Kebiasaan sungkeman, meminta maaf hingga berziarah mendoakan anggota keluarga
yang telah tiada menunjukkan jika mudik bukan hanya perjalanan fisik namun juga
rohani. Sungkeman atau cium tangan orang tua bukan hanya bentuk kontak fisik
melainkan memiliki makna secara spiritual karena orang tua dapat dianggap
sebagai perantara bagi seorang anak dalam mengenal Tuhan. Pada akhirnya Ikatan
batin dengan orang tua serta kewajiban mendoakan anggota keluarga seperti ini
turut melestarikan melestarikan tradisi mudik.
Mudik juga mengukuhkan
sifat manusia sebagai makhluk sosial. Silaturahmi yang terjalin selama
mudik merupakan interaksi manis antara seorang manusia dengan sesamanya.

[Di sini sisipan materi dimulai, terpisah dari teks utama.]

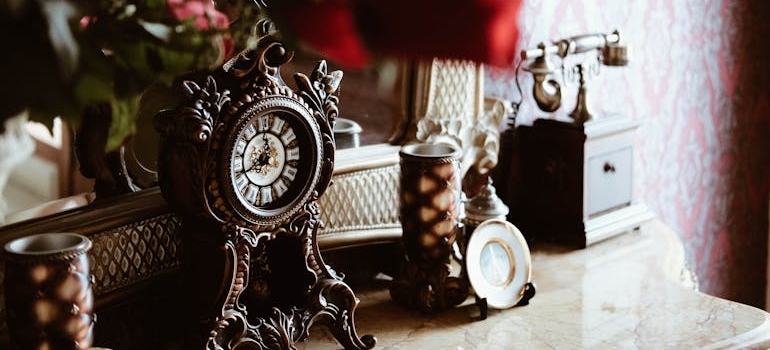 Round black analog deck clock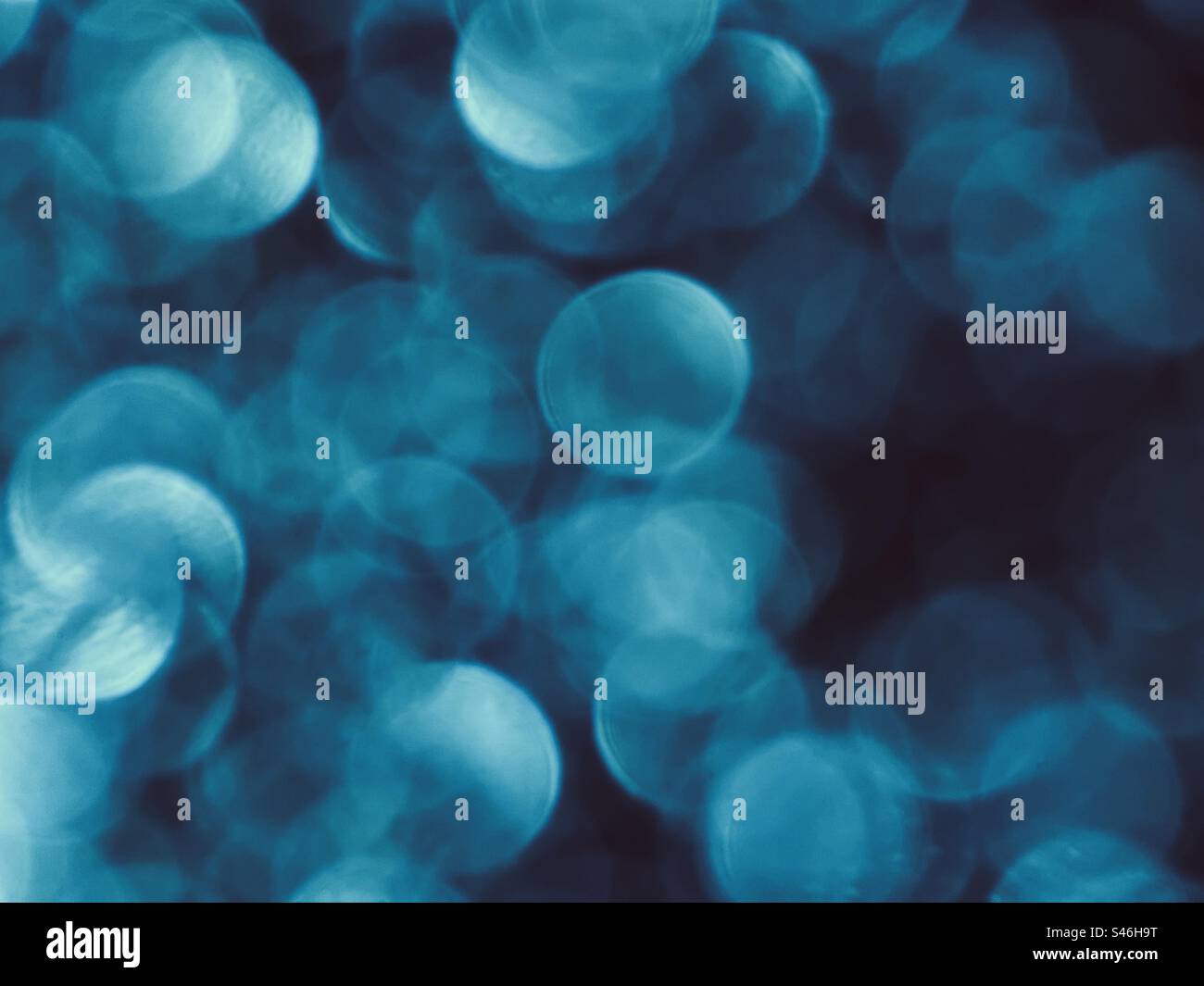 Fond de bokeh bleu pailleté Banque D'Images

Melalui silaturahmi kita diingatkan kembali bahwa seorang manusia tak akan bisa
mempertahankan hidup dan kehidupannya tanpa bantuan dan interaksi dengan
sesamanya. Pada akhirnya silaturahmi sebagai bagian dari mudik menjadi sarana yang
sangat humanis dan interaktif untuk membangun toleransi karena mudik dan
silaturahmi juga dijalankan dan dijalin oleh banyak masyarakat dari berbagai
latar perbedaan termasuk agama.
Demi mudik
keselamatan dan kenyamanan seringkali dinomorduakan.
Secara psikologi mudik
mencerminkan sifat manusia yang perindu. Mereka yang mudik adalah
jiwa-jiwa yang rindu sekaligus lelah. Kerasnya kehidupan di kota dengan segela
rutinitas yang membuat penat membuat orang merindukan kembali kehidupan masa
kecilnya yang indah dengan suasana pedesaan yan asri. Dengan demikian mudik tak
hanya pulang kampung untuk merayakan lebaran namun juga menjadi sarana
nostalgia sekaligus pengobat jiwa-jiwa yang lelah.
Dalam dimensi sosial
mudik juga menjadi saran untuk berbagi dan tolong menolong. Bukan
hanya karena kewajiban mengeluarkan zakat fitrah menjelang Idul Fitri, namun
juga berbagi rezeki dalam beberapa hal lainnya. Tradisi memberikan oleh-oleh
dari kota kepada kerabat dan tetangga di kampung. Kebiasaan membagikan selembar
uang kertas baru kepada anak-anak. Beberapa orang bahkan kerap memberikan
tumpangan kendaraan kepada tetangganya yang hendak mudik menuju daerah yang
sama.
Namun tak dipungkiri juga
bahwa mudik juga kerap menjadi sebuah euforia dan media
unjuk eksistensi diri. Dalam niat mudik seringkali terselip keinginan yang kuat
untuk mempertontonkan keberhasilan. Dalam persiapannya pun mudik sudah
didahului dengan gaya hidup hedonis dan konsumtif. Hasrat dan keinginan mudik
yang tinggi seringkali membuat orang memaksakan diri demi sebuah prestise.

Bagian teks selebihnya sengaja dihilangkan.